Strings. This is the data type that Amazon Redshift reports account for more than 50% of its fleet data (van Renen et al., 2024). As the amount of string data to scan increases, queries become slower, therefore query engines require fast pre-filters to accelerate them.

However, when it comes to query execution on string-valued columns, systems provide only limited solutions. To see an example, note that modern file formats such as Parquet, while they have the celebrated min/max zonemaps to skip non-matching row groups, they lack zonemaps to skip infix LIKE predicates such as WHERE comment LIKE '%fox%'. Indeed, min/max zonemaps can only help in the case of prefix LIKE predicates, as in (Zimmerer et al., 2025). Other zonemap structures, like bloom filters, as in Postgres or Parquet, also don’t help here, as we’d have to insert all possible substrings of a row group’s strings.

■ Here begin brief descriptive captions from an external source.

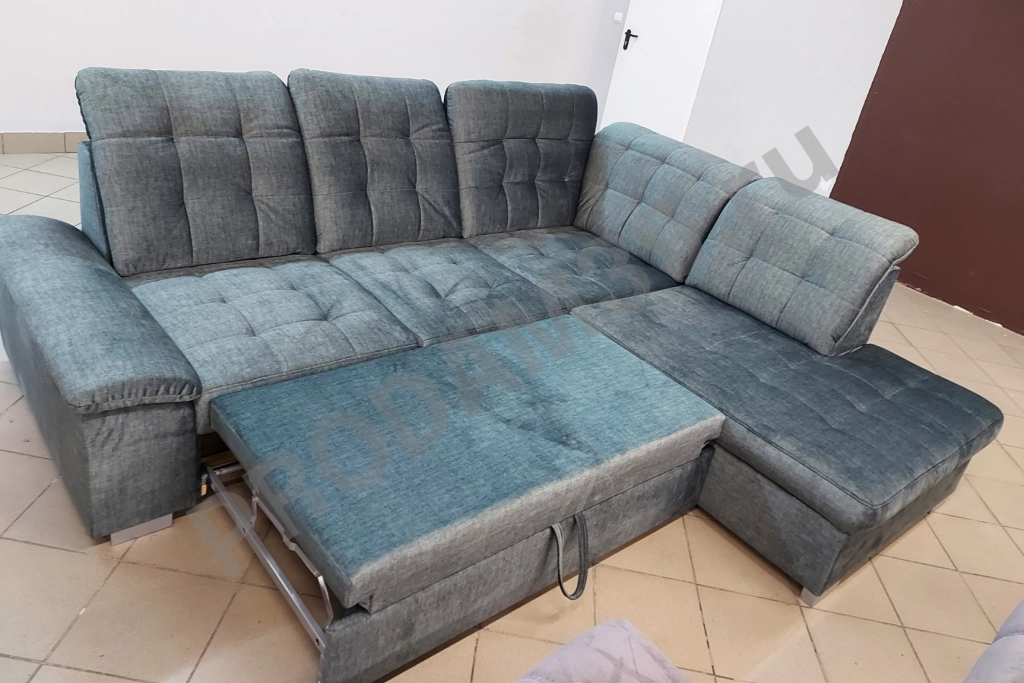 Угловой диван Fabio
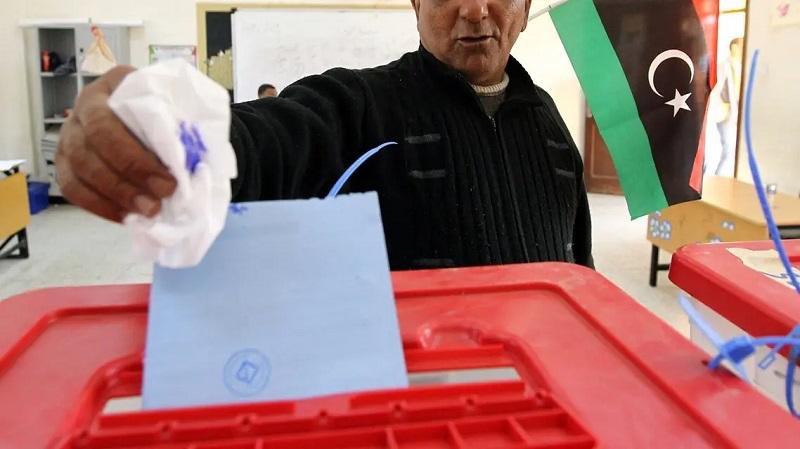 ليبيا: 30 مرشحاً لانتخابات الرئاسة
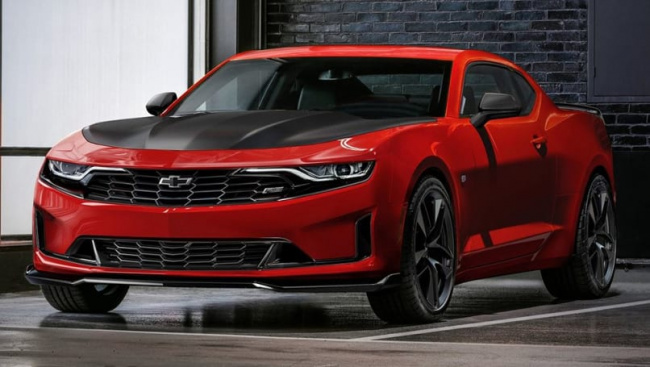 chevrolet camaro, chevrolet news, chevrolet coupe range, chevrolet, sports cars, motorsports, an icon departs! sixth generation chevrolet camaro axed with no successor, so what now for supercars?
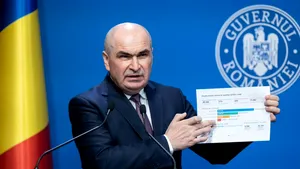 Bolojan: Indiferent ce Guvern va veni, spațiul bugetar este foarte mic. N-aș avea nicio problemă să plec mâine din funcție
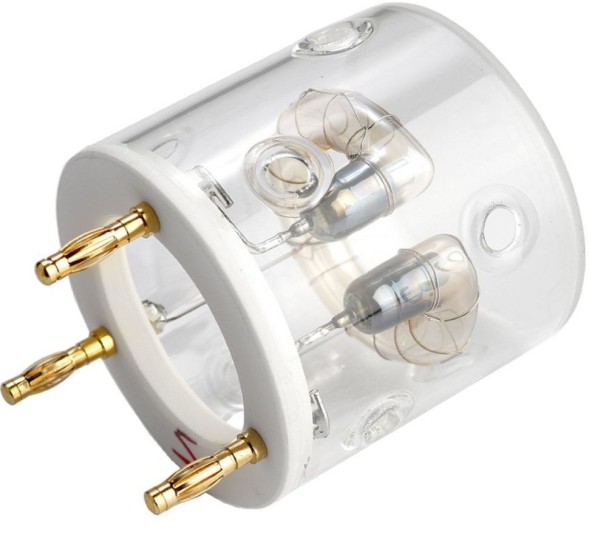 Импульсная Лампа Godox FT-AD400PRO для AD400PRO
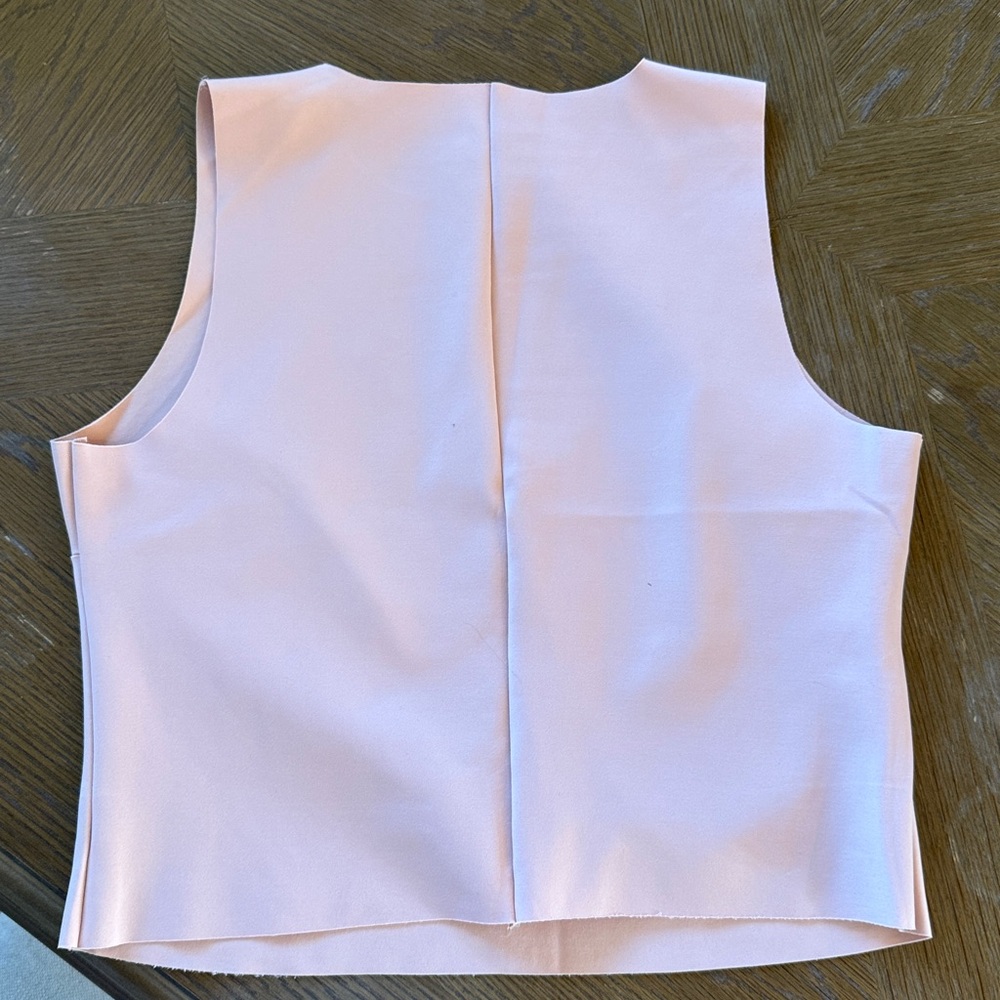 Commando Control Smoothing Cami. Large. Nude Colo… - image 4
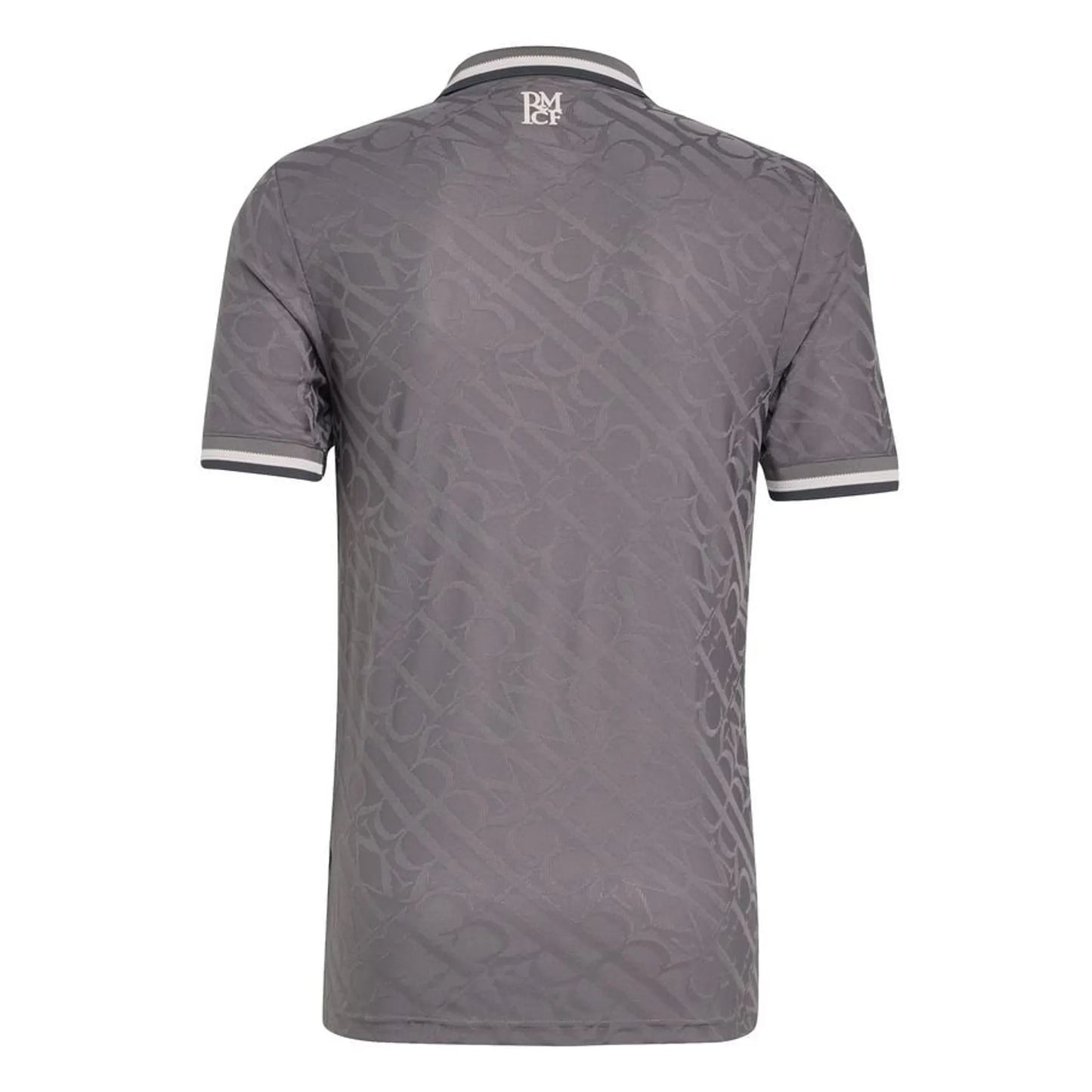 Real Madrid 3ème Maillot 2024/25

This is where string fingerprints (Stoian et al., 2025) come into play. In this blog post, we only outline how they can help to skip non-matching rows. Extending them to row groups is an (exciting) work in progress.

The original idea of string fingerprints came to us last year on a train trip from Nuremberg to Munich. We wanted to have a way to skip as many non-matching tuples as possible for a LIKE predicate. Our first idea was pretty simple: If a string does not contain all letters of a pattern, then it can’t contain it.

Now, you don’t want to store a bitmap for all possible letters – this would be too much overhead. Instead, we can cluster the letters into some bins, and mark the bins that have the letters contained in the to-be-fingerprinted string. Let’s do our favorite example – how to fingerprint the string “nutella”, given the following partitioning of the alphabet:

You can see that the blue letters (n, t, e) are mapped to the 3rd bin, while the brown letters are mapped to the 1st bin. Therefore, the fingerprint reads: 1010.

Let’s now fingerprint more strings. To this end, consider the column spelling of the following table and its fingerprints in str_fp. The first row is “nutella” (we already did it above). Now we come to “unt”, which gets the same fingerprint. Finally, “thon” is mapped to 0111.

Assume now you’re performing a filter WHERE spelling LIKE '%utn%'. We simply have to fingerprint the pattern, in this case 1010, and check which table fingerprints don’t contain it, i.e., there exists at least one bin where the pattern has a 1 while the considered row fingerprint does not. We see that 1010 is not contained in 0111 – there’s a mismatch already at the first bin. This means, the LIKE predicate would anyway evaluate to false for this row, so we can skip it.

Optimizing the Partition

Whenever I present string fingerprints, the first question I get is: “But how do you optimize the partition?”. If you have no information about your query workload, taking a random mapping is enough (we just chose a round-robin placement; basically each letter is mapped to ASCII(letter) % 4). But let’s say you have the workload; say your customer provides you with that. In that case, you can do better.

At UTN, we strive to be interdisciplinary. As the last slide of my PhD proposal deck, I pitched the idea of having string zonemaps to Johannes Thürauf, our professor for Discrete Optimization. He liked it, so we decided, given his expertise, that it’d be a promising idea to optimize the partition. Two weeks later, we had the mixed-integer program (MIP) and could then test it. The idea is to optimize the false positive rate of your string fingerprints using the column data and the query workload. You can read more about the MIP in the 2nd section of our paper.

Community Adoption

I was very happy to see that string fingerprints got adopted very quickly. For instance, SqueezeCache (coming from its parent project, LiquidCache) uses 32-bit string fingerprints in their cache data structure to skip scanning the mapped Parquet rows.

Our code, along with Johannes’ MIP implementation, are open source on our GitHub page: Instance-Optimized String Fingerprints (AIDB @VLDB’25).